(Crawled caption data)
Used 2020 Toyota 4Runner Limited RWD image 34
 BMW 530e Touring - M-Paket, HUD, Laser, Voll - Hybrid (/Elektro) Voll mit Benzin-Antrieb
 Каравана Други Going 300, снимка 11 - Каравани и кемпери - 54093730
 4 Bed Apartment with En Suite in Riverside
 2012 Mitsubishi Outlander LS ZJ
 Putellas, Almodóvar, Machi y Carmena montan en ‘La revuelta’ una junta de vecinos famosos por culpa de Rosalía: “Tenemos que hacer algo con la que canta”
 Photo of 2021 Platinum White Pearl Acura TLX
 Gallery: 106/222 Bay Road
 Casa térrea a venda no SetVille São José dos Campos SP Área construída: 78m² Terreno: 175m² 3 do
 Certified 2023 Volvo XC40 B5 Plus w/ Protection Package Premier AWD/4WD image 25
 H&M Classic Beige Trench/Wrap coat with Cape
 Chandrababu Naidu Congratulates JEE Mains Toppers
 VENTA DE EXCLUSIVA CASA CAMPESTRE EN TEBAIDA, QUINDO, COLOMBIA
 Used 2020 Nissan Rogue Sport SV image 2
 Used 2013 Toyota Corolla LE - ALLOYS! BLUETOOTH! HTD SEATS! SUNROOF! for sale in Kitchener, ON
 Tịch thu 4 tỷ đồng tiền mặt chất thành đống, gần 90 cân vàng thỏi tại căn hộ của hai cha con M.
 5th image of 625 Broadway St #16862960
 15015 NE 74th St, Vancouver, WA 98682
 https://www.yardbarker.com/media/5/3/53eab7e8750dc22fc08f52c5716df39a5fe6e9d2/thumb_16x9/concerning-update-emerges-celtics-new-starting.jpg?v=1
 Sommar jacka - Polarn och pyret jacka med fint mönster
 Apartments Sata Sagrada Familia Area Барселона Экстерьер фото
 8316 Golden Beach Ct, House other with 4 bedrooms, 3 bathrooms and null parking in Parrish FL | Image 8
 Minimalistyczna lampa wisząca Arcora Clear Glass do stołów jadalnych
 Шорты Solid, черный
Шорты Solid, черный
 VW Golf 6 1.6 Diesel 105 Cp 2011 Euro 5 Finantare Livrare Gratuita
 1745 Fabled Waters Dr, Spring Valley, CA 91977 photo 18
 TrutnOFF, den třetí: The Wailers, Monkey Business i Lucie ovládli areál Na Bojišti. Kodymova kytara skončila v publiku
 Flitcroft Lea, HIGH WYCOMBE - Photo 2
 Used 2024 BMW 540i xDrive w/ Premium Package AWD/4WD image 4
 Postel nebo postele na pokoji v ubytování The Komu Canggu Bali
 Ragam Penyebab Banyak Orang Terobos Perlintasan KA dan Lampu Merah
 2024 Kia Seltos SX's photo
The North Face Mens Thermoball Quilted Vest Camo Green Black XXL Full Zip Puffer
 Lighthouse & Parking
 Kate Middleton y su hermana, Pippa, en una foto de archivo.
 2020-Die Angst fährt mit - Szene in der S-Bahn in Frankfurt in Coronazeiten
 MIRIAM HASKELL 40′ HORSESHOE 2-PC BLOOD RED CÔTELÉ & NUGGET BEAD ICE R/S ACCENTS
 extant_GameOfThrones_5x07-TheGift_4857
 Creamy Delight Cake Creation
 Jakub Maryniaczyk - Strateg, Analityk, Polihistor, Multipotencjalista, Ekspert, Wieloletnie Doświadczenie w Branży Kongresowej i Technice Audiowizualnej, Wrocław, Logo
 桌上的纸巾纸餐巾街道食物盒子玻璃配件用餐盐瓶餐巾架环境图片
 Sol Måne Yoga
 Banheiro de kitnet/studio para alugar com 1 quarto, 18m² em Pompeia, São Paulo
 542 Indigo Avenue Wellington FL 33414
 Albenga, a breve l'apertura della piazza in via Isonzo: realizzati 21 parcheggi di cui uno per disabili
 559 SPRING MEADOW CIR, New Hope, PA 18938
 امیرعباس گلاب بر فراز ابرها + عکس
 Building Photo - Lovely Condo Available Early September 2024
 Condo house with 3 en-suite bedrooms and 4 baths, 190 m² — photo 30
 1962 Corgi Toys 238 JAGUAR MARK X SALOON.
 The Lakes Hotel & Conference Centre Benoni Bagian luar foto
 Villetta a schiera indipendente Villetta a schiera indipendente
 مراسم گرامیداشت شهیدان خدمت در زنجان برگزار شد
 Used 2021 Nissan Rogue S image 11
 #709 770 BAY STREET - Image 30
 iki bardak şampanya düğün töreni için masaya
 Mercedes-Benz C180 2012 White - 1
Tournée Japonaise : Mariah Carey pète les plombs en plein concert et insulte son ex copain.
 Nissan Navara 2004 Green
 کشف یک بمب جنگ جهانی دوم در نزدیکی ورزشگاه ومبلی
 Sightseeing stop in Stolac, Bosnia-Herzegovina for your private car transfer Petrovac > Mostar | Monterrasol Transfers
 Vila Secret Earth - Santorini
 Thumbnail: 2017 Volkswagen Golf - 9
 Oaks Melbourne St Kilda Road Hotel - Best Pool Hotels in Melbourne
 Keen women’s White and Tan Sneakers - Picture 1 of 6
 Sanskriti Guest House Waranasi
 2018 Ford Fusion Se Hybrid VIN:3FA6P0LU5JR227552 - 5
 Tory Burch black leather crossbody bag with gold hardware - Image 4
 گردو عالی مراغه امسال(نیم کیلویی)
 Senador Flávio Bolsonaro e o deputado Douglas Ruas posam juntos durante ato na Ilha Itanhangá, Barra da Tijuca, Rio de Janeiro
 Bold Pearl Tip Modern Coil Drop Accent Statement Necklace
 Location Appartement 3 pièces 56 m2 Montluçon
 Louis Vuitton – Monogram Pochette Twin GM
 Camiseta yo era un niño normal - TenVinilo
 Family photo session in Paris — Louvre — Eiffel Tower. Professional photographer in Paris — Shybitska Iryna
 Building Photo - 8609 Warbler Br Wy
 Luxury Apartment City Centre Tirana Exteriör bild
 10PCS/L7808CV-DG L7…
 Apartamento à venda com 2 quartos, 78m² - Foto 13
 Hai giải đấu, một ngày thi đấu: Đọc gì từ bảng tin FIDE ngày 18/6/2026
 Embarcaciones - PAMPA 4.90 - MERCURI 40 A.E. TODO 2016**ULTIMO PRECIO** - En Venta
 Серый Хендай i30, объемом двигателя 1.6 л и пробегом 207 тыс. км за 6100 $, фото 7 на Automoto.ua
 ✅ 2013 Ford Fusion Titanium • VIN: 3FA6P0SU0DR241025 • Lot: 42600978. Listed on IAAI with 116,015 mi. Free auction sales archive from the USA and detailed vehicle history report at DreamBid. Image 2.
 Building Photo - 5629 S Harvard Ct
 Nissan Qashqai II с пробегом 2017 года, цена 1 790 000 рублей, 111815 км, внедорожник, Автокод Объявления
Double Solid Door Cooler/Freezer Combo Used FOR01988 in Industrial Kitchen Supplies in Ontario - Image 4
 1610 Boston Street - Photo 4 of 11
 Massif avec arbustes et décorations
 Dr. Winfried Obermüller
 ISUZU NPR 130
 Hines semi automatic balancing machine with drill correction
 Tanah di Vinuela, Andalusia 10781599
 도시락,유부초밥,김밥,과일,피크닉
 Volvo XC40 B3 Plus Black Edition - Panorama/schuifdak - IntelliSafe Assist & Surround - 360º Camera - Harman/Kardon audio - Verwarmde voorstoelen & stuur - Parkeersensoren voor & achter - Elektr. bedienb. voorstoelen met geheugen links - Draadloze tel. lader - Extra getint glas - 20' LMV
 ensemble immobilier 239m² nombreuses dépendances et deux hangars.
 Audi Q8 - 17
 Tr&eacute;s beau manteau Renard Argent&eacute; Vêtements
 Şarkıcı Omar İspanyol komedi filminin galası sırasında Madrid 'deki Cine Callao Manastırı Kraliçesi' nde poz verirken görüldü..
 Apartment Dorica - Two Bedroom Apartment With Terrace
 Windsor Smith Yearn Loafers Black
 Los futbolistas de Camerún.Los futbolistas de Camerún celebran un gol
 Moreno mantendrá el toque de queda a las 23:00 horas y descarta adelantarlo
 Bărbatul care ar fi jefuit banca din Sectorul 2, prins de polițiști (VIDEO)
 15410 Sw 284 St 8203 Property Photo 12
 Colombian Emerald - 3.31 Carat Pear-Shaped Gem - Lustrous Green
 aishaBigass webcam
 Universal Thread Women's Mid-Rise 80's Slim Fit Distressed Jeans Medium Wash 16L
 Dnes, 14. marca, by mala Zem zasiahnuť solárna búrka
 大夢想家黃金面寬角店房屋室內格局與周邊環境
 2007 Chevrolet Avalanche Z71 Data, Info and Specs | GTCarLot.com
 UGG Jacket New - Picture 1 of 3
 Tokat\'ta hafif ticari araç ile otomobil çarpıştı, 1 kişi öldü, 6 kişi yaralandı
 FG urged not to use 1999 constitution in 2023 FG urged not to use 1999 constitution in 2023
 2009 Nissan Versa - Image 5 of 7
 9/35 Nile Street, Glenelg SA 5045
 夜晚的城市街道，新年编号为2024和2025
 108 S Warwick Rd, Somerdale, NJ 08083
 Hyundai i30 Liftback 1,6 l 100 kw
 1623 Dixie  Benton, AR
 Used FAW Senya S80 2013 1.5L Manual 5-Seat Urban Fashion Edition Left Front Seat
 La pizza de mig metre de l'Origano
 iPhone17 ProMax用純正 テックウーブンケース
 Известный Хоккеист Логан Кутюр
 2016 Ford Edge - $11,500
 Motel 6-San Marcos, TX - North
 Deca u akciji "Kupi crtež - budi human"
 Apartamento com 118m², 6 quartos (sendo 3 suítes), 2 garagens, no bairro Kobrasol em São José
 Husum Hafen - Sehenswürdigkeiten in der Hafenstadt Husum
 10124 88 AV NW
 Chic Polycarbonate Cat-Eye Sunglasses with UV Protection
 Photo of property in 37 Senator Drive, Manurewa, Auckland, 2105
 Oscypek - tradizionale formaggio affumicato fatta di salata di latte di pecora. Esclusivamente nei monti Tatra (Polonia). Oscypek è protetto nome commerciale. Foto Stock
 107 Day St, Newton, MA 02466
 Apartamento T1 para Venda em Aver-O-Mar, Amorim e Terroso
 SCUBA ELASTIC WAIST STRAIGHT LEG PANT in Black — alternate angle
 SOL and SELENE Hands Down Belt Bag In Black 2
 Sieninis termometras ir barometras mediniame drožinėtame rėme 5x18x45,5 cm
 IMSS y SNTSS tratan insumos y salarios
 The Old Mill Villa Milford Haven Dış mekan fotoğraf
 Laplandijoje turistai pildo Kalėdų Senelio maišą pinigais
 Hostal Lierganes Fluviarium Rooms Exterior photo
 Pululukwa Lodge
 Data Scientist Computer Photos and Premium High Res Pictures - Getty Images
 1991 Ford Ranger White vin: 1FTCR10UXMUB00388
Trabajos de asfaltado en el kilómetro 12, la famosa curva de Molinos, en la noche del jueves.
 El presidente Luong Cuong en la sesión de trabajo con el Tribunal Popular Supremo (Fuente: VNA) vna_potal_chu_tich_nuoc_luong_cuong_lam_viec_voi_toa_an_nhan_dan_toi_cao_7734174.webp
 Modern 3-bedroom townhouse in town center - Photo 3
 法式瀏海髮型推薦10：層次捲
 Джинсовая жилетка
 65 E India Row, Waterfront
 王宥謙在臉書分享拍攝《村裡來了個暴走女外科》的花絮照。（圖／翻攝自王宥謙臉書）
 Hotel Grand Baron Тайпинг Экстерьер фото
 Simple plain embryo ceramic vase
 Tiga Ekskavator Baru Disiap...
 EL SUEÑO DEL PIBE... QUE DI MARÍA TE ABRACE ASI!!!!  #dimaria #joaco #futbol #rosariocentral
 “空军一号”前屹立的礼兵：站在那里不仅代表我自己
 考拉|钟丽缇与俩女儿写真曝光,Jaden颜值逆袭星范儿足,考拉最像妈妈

_What to produce_
Find all lines holding the word "Nissan" in the records above and copy them.

_Response area_
 Used 2020 Nissan Rogue Sport SV image 2
 Used 2021 Nissan Rogue S image 11
 Nissan Navara 2004 Green
 Nissan Qashqai II с пробегом 2017 года, цена 1 790 000 рублей, 111815 км, внедорожник, Автокод Объявления
 2009 Nissan Versa - Image 5 of 7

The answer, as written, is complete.